Secondo i ricercatori – dice ancora Maria Felice Pacitto, membro del Comitato DireDonne, nel suo articolo sulle diseguaglianze di genere in ambito scientifico – questa minima differenza era dovuta al fatto che, generalmente, le ragazze avevano frequentato un numero inferiore di corsi avanzati di matematica, fisica e chimica. Ricerche attuali mostrano che le differenze di prestazione in matematica tra maschi e femmine si sono azzerate. E questo è stato possibile anche grazie all’evoluzione delle aspettative dei genitori e dei docenti nei confronti, rispettivamente, delle figlie e delle allieve, le quali perciò hanno nuove opportunità per sviluppare i loro talenti. Le ragazze, una volta, erano scoraggiate dall’intraprendere studi scientifici perché troppo impegnativi ed in contrasto con il naturale approdo della donna alla maternità e alla cura della famiglia. Erano tempi in cui le famiglie iscrivevano le figlie all’Istituto magistrale e i maschi al Liceo classico: il liceo scientifico stentava ancora a decollare.  Erano tempi in cui, generalmente, si apriva alle donne la strada dell’insegnamento magari nella scuola materna ed elementare. 
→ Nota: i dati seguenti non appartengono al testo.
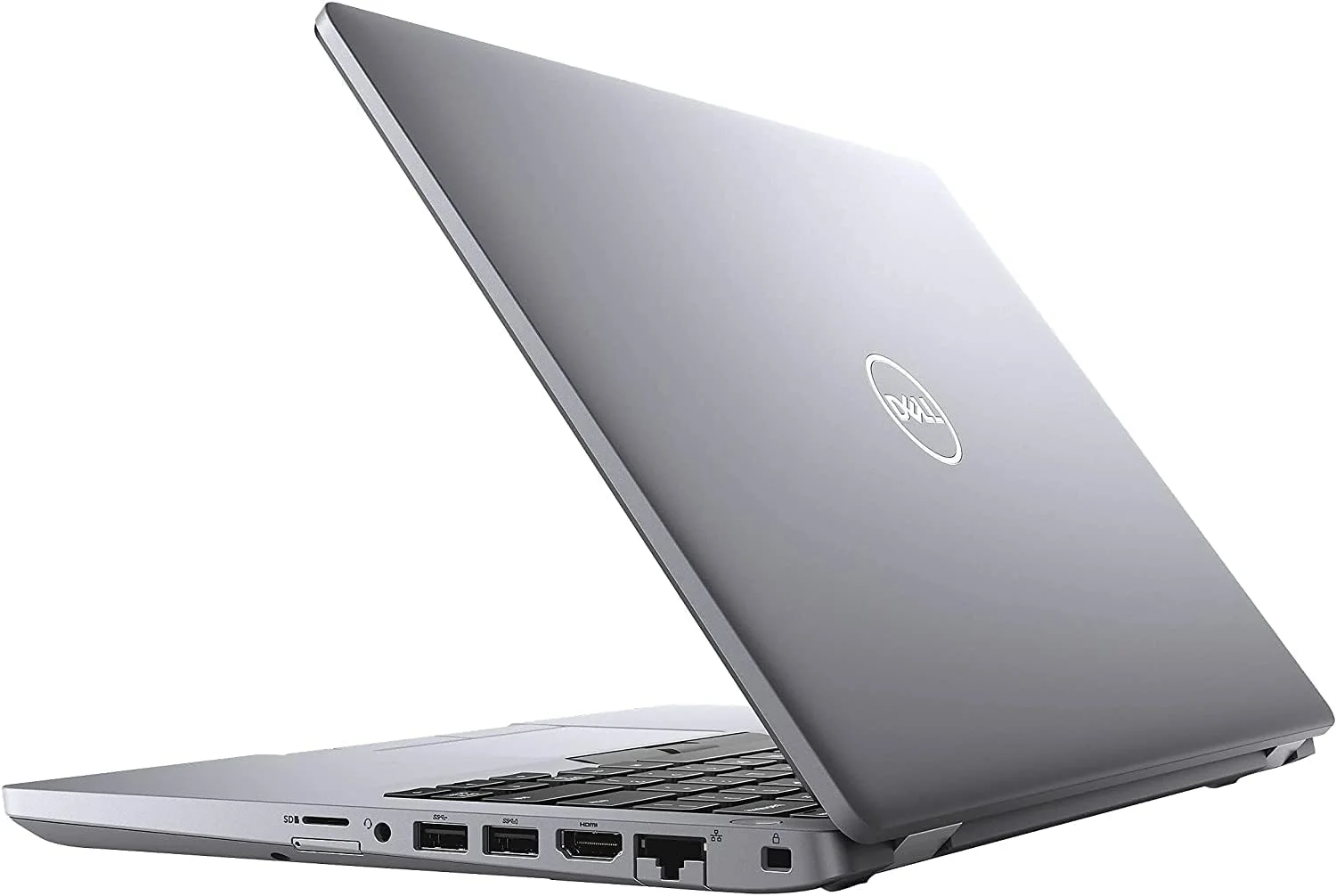 لپ تاپ تجاری دل Latitude 5410 (بازسازی شده) | پردازنده Intel Core i5 نسل 10 | 8 گیگابایت رم DDR4 | 256 گیگابایت SSD | صفحه نمایش 14.1 اینچی | ویندوز 10 پرو لپ تاپ تجاری دل Latitude 5410 (بازسازی شده) | پردازنده Intel Core i5 نسل 10 | 8 گیگابایت رم DDR4 | 256 گیگابایت SSD | صفحه نمایش 14.1 اینچی | ویندوز 10 پرو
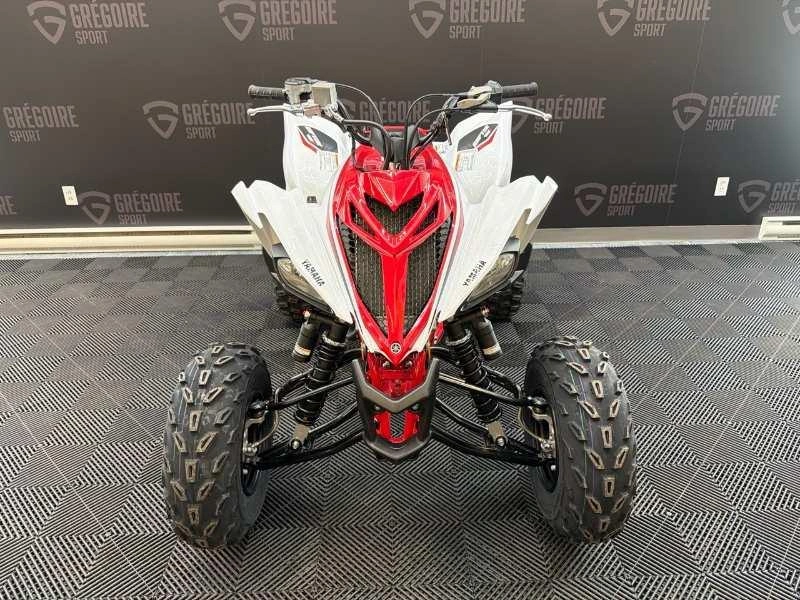 Yamaha Raptor 700r Se 2026 alt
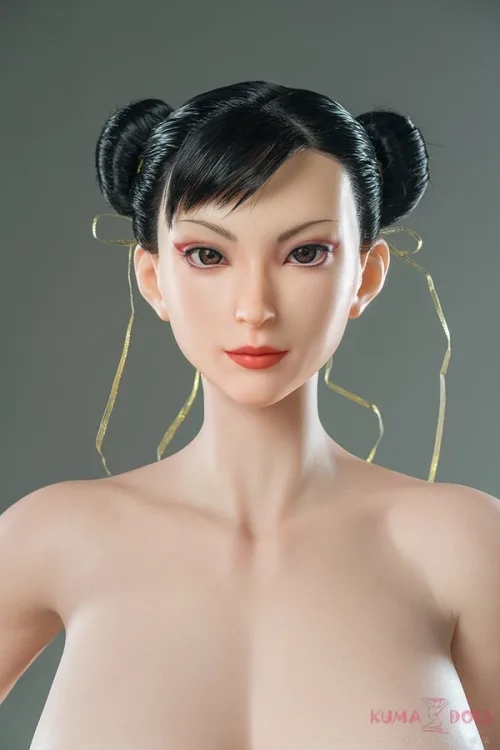 Game Lady NO.33_1 169cm Fカップ サムネイル 3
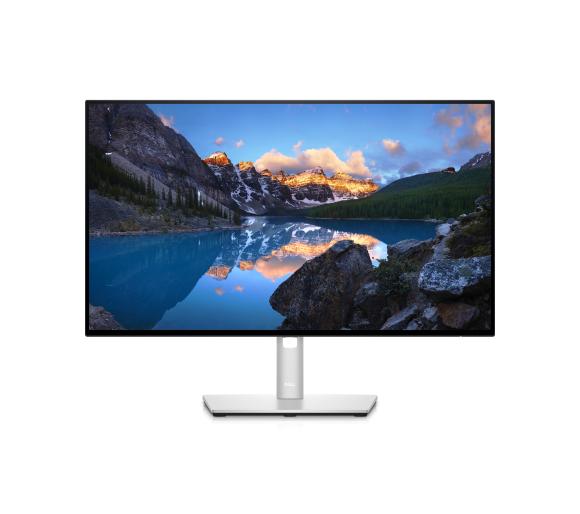monitor LED Dell UltraSharp U2422HE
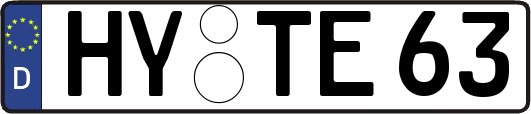 HY-TE63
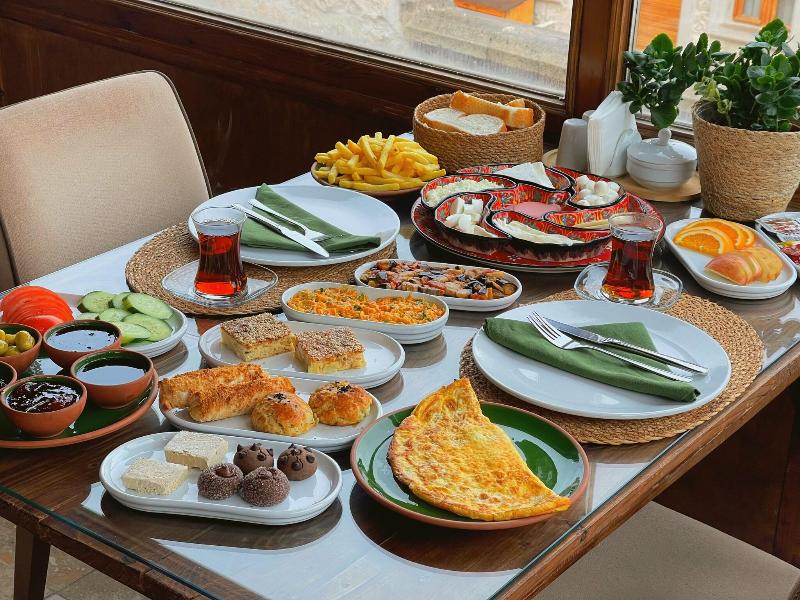 Gedik Cave Hotel image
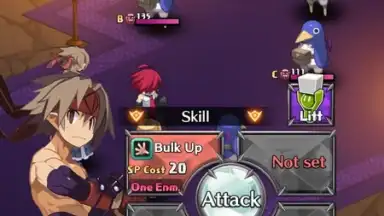 DISGAEA RPG screenshot 5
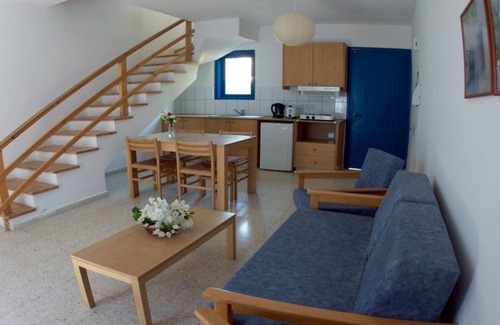 Pissouri Apartment | Hylatio Tourist Village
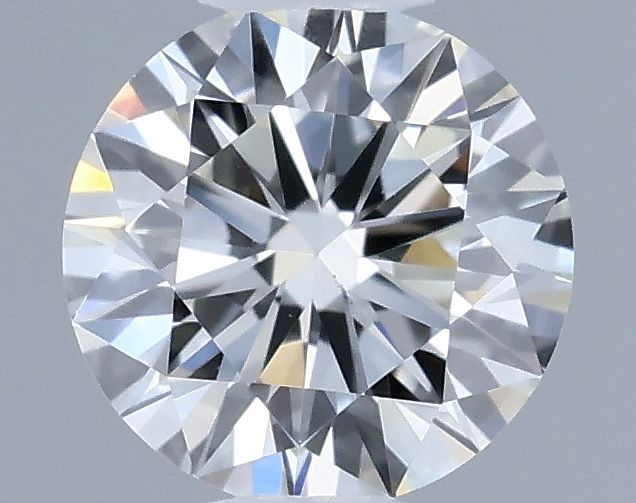 0.30 ct Round diamond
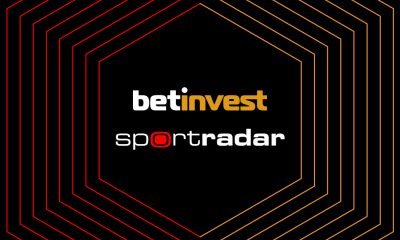 Betinvest Partners With Sportradar For Win Cup Table Tennis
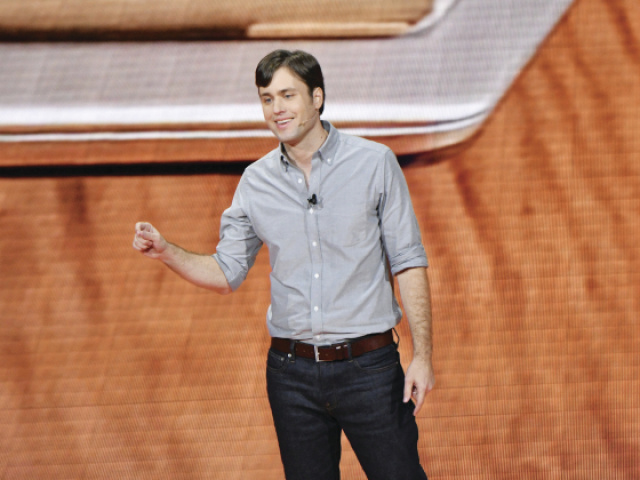 Samsung Unpacked New York City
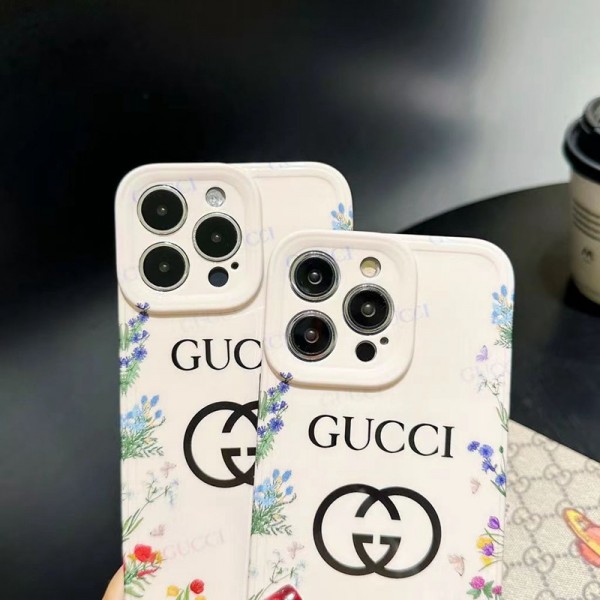 Gucci グッチiphone 13 14 15ケース 人気ブランド 女子ブランド スマホショルダー アイフォン15 14 plus 13 pro max 12 11スマホケースストラップ ブランド携帯カバー手帳型スマホケースアイフォン14 15カバー格安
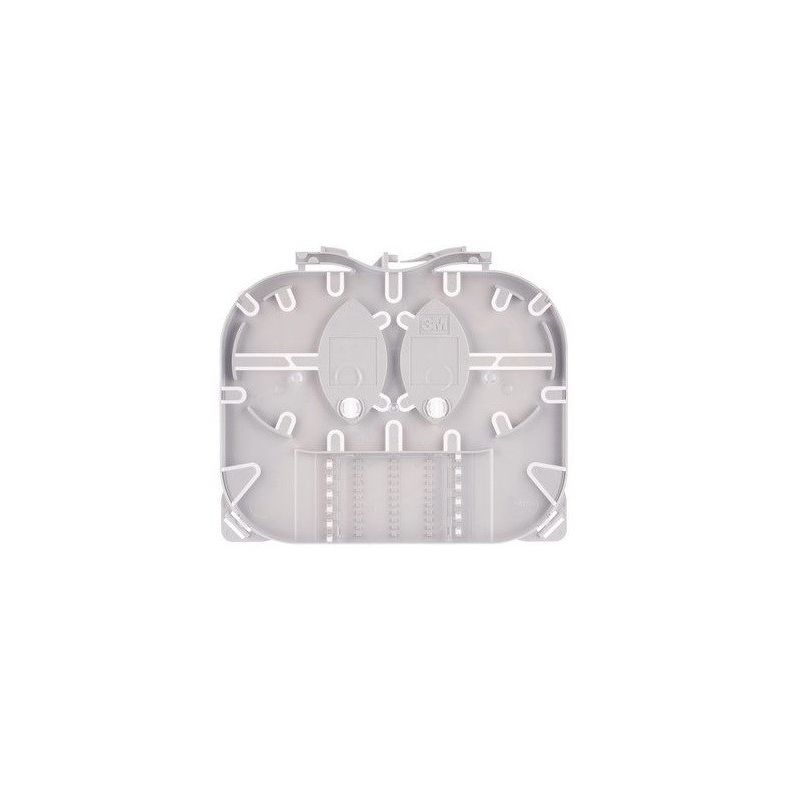 Cassette de lovage 3M 1 pas 12 fusions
Tipica la frase in uso all’epoca : “la maestra è una seconda mamma”. Eccezionale era approdare all’insegnamento nei licei. L’approdo all’insegnamento determinò massicciamente l’apertura delle donne al lavoro intellettuale. Di questo passaggio, fondamentale per l’emancipazione femminile, si è detto, ancora, poco. Tornando al tema centrale del nostro discorso, sembrerebbe che le aspettative e gli stereotipi negativi- conclude nell’articolo per DireDonne Maria Felice Pacitto- abbiano un ruolo determinante nelle prestazioni delle ragazze, come hanno mostrato ampiamente alcune ricerche (Cadinu, Maas, 2005). Pregiudizi che agiscono anche nella valutazione dei lavori scientifici delle donne. Motivo questo che spiega anche la scarsa assegnazione di Nobel a donne scienziate. In sintesi, le donne sono ancora poco presenti nel mondo scientifico non perché prive di capacità ma perché prive di quelle opportunità necessarie a svilupparle e succubi, quando queste capacità ci sono, di stereotipi negativi.